Jeudi j’étais au Havre pour soutenir la liste menée par le député Jean-Paul Lecoq. Samedi j’étais à Bagnolet en soutien à la liste dirigée par Laurent Jamet. L’un et l’autre sont communistes. L’un et l’autre se sont mis au service de coalitions citoyennes locales. Dans l’un et l’autre cas les Insoumis font équipe avec eux depuis le premier tour. Ma présence voulait signaler dans les deux cas une intention : la volonté insoumise de chercher un chemin pour battre les néolibéraux et leurs succédanés de toutes les variétés. Et la volonté de le faire sans reproduire les formules politiques figées du passé. Ni au Havre ni à Bagnolet je n’ai vu autre chose qu’un acharnement à donner du corps à l’idée de l’intervention citoyenne. Enfin des amis qui comprennent qu’une élection, qu’elle soit municipale ou présidentielle n’est pas un congrès de parti. Qui ont compris combien la soupe des guirlandes de sigles peut paraitre repoussante pour tant de gens quand bien même parfois ce n’est pas juste. Nous payons tous pour les trahisons et les renoncements des gouvernements de François Hollande.
Ces militants sur ces listes comprennent que l’éloignement de millions de gens des urnes et de dizaine de milliers hors des partis n’est pas un malentendu mais une caractéristique profonde du moment politique et qu’il faut la traiter comme tel. Je ne sais pas quel sera le verdict des urnes. Dans les deux cas le rapport de force est tendu. Mais ce dont je suis certain, sans l’ombre d’un doute, c’est que voilà la bonne méthode de travail. Ni les communistes ni nous parfois ne sommes irréprochables dans nos manières de faire.

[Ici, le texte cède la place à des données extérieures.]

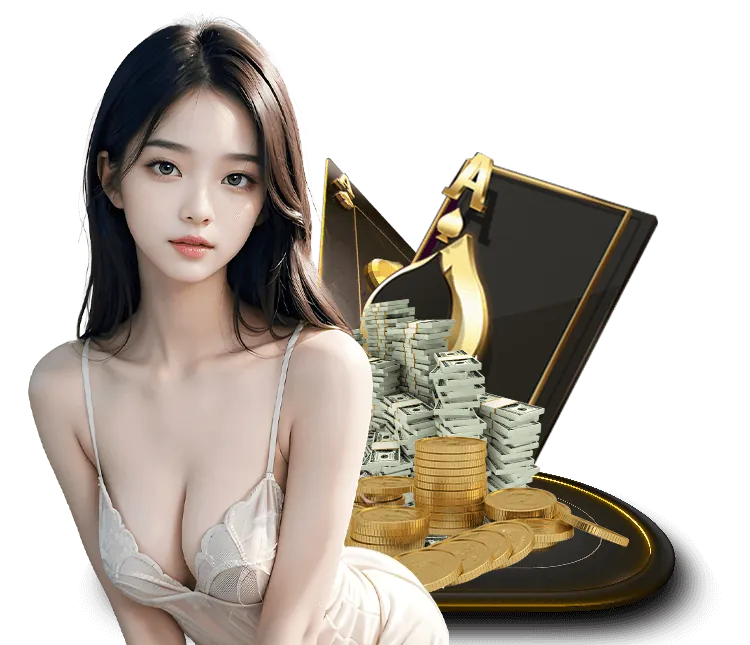 Kho game đa dạng tại 86bet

Mais dans les cas que je cite, partant de loin du fond de la scène politique, nous avons façonné de cette manière une remontée dont attestent les sondages. Et quoiqu’il en soit cela reste pour le futur. Le maire sortant au havre comme à Bagnolet pensait être élu au premier tour. Le second tour a lui seul est déjà une victoire.
Après cela, je veux dire un mot de ma relation aux communistes et de celle des insoumis. J’ai milité toute ma vie en alliance avec les communistes. D’abord au temps de l’Union de la Gauche non seulement dans les élections mais dans le PS dont j’étais membre où plusieurs courant agissaient contre l’Union. Puis j’ai organisé ma sortie du PS et le projet de Front de Gauche en lien direct avec la direction communiste de Marie-Georges Buffet qui avait facilité mon entrée en campagne pour le « non » au traité constitutionnel européen en 2005. Ensuite, ce fut la campagne présidentielle commune de 2012, ses législatives et puis celles de 2017. Cette convergence n’a jamais été simple pour toutes sortes de raisons. Mais sans elle, nous n’aurions pas connu les deux succès consécutifs que furent ces campagnes commencées à 3,5 % en 2010 conclue à 11% en 2012 puis commencé à 9% en 2015 et terminée à 19,5% en 2017, à six cent mille voix du deuxième tour.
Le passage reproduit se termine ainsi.